Resource consumption often increases with greater consumer biodiversity. This could result either from complementarity among consumers or the inclusion of particular key species, and it is often difficult to differentiate between these two mechanisms. We exploited a simple plant mutation (reduced production of surface waxes) to alter foraging within a community of aphid predators, and thus perhaps shift the nature of resulting predator diversity effects. We found that greater predator species richness dramatically increased prey suppression and plant biomass only on mutant, reduced-wax pea plants (Pisum sativum). On pea plants from a sister line with wild type, waxier plant surfaces, predator species richness did not influence predators' impacts on herbivores or plants. Thus, a change in plant surface structure acted to turn on, or off, the cascading effects of predator diversity. Greater predator richness encouraged higher densities of true predators but did not lead to greater reproduction by a parasitoid, Aphidius ervi; fecundity of each natural enemy species was similar for the two plant types. Behavioral observations indicated that although A. ervi was less likely to forage within species-rich predator communities, low-wax plants mitigated this interference by encouraging generally greater A. ervi foraging and thus high rates of aphid dislodgement (aphids dropped from plants to escape A. ervi, but not the other predators). Thus, only species-rich, low-wax plants simultaneously encouraged strong species-specific effects of A. ervi, and strong complementarity among the other predator species. In summary, our study provides evidence that diversity effects in predator assemblages are sensitive to habitat characteristics. Further, we show that a simple plant morphological trait, controlled by a single gene mutation, can dramatically alter the cascading effects of predator species richness on herbivores and plants.

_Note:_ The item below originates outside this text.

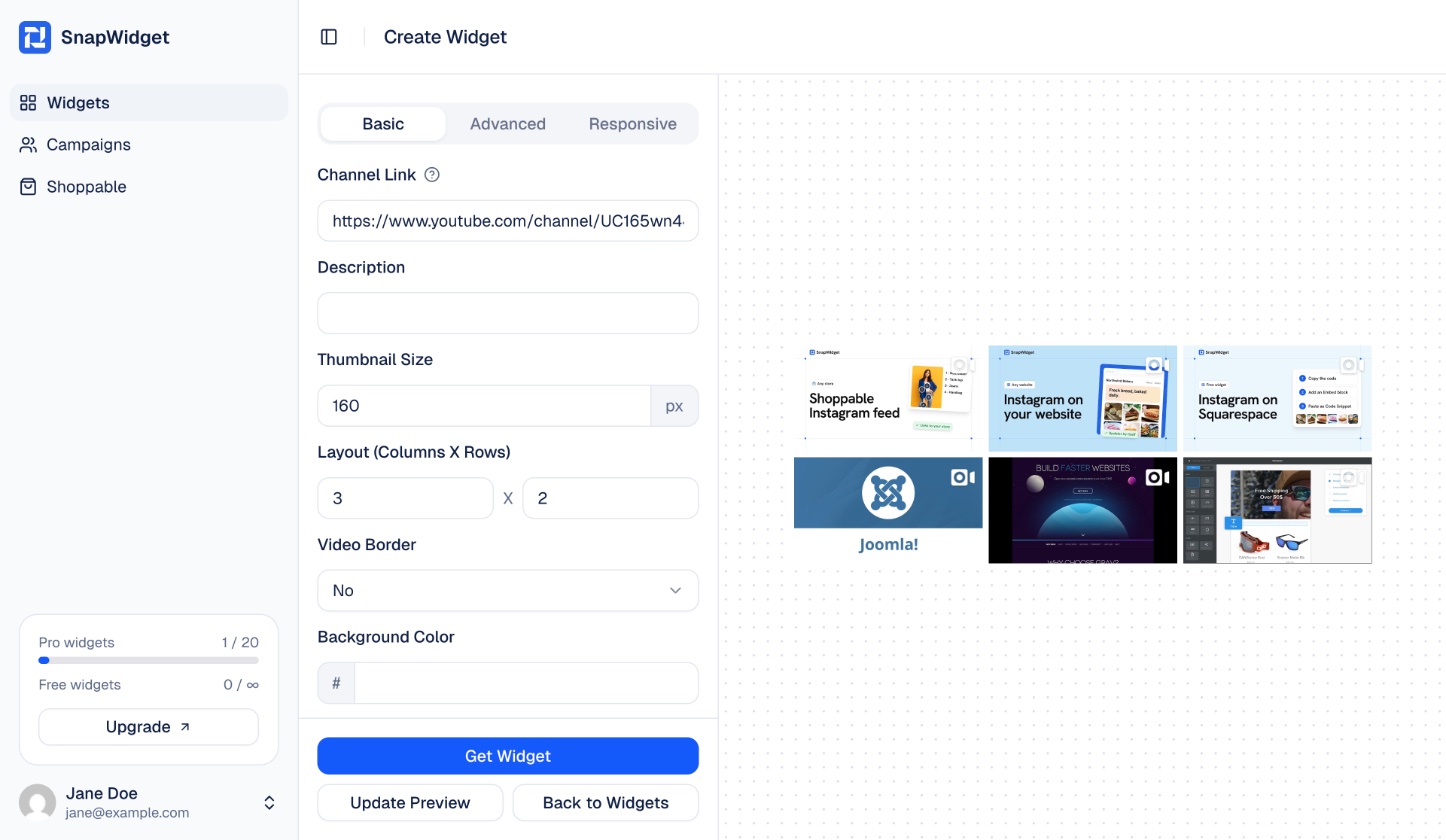A YouTube channel link in the Channel Link field, with the channel's videos in the preview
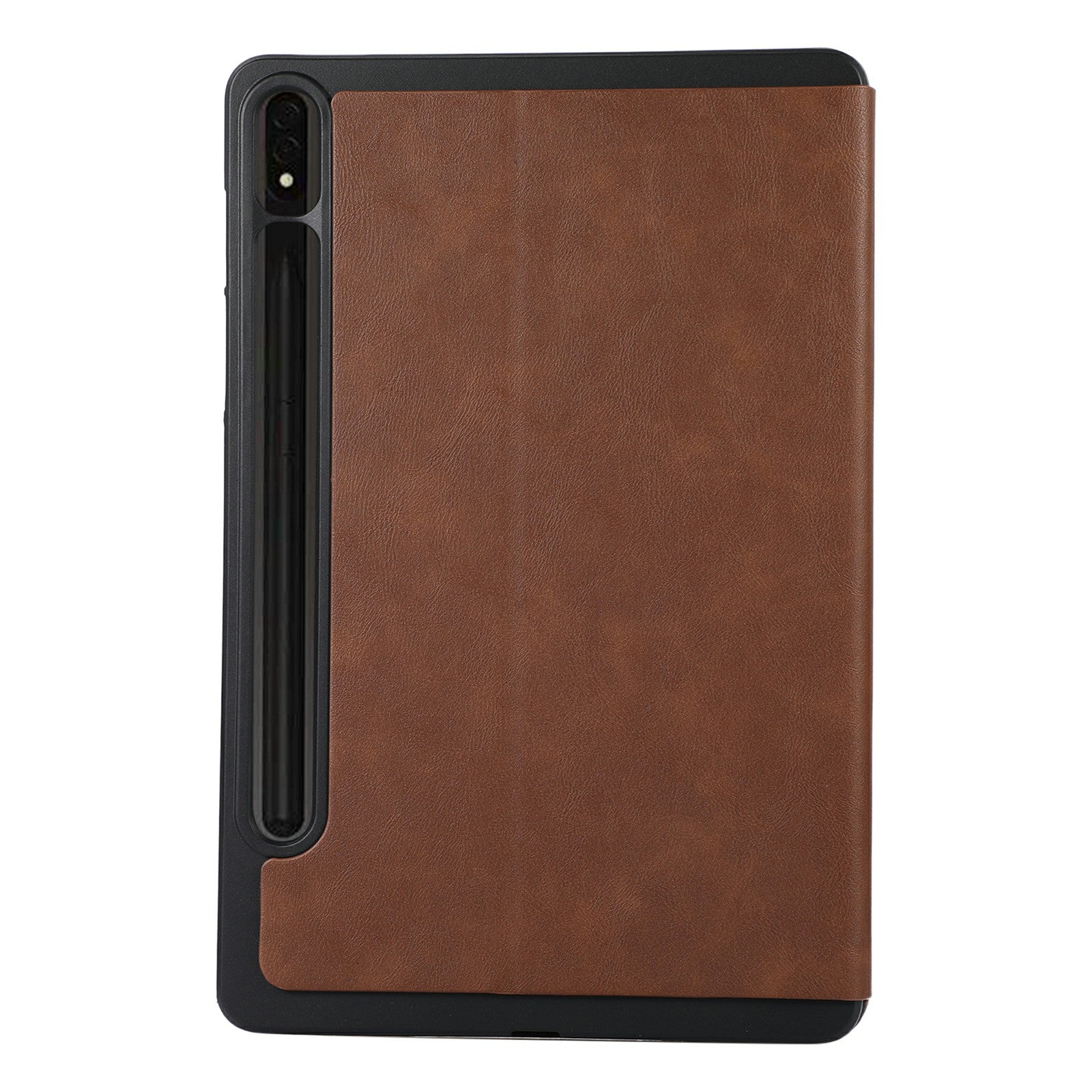 For Samsung Galaxy Tab S9+ / Tab S9 FE+ Stand Case Minimalist Leather Tablet Cover - Brown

资源消耗通常会随着消费者生物多样性的增加而增加。这可能是由于消费者之间的互补性,也可能是由于某些关键物种的包含,而这两种机制往往难以区分。我们利用一种简单的植物突变(减少表面蜡质的产生)来改变蚜虫捕食者群落中的觅食行为,从而可能改变捕食者多样性效应的性质。我们发现,捕食者物种丰富度的增加显著增加了仅在突变体(低蜡豌豆植株)上的猎物抑制和植物生物量。在来自具有野生型、蜡质植物表面的姊妹系的豌豆植株上,捕食者物种丰富度不会影响捕食者对食草动物或植物的影响。因此,植物表面结构的变化起到了开启或关闭捕食者多样性级联效应的作用。较高的捕食者丰富度鼓励了更多的真捕食者的密度,但并没有导致寄生蜂 Aphidius ervi 的繁殖增加;两种植物类型中,每个天敌物种的繁殖力相似。行为观察表明,尽管 A. ervi 不太可能在物种丰富的捕食者群落中觅食,但低蜡植物通过鼓励通常更大的 A. ervi 觅食来减轻这种干扰,从而导致较高的蚜虫驱赶率(蚜虫从植物上掉落以逃避 A. ervi,但不是其他捕食者)。因此,只有物种丰富、低蜡的植物同时鼓励了 A. ervi 的强烈种间效应,以及其他捕食者物种之间的强烈互补性。总之,我们的研究提供了证据,表明捕食者组合中的多样性效应对栖息地特征敏感。此外,我们表明,一个简单的植物形态特征,受单个基因突变控制,可以显著改变捕食者物种丰富度对食草动物和植物的级联效应。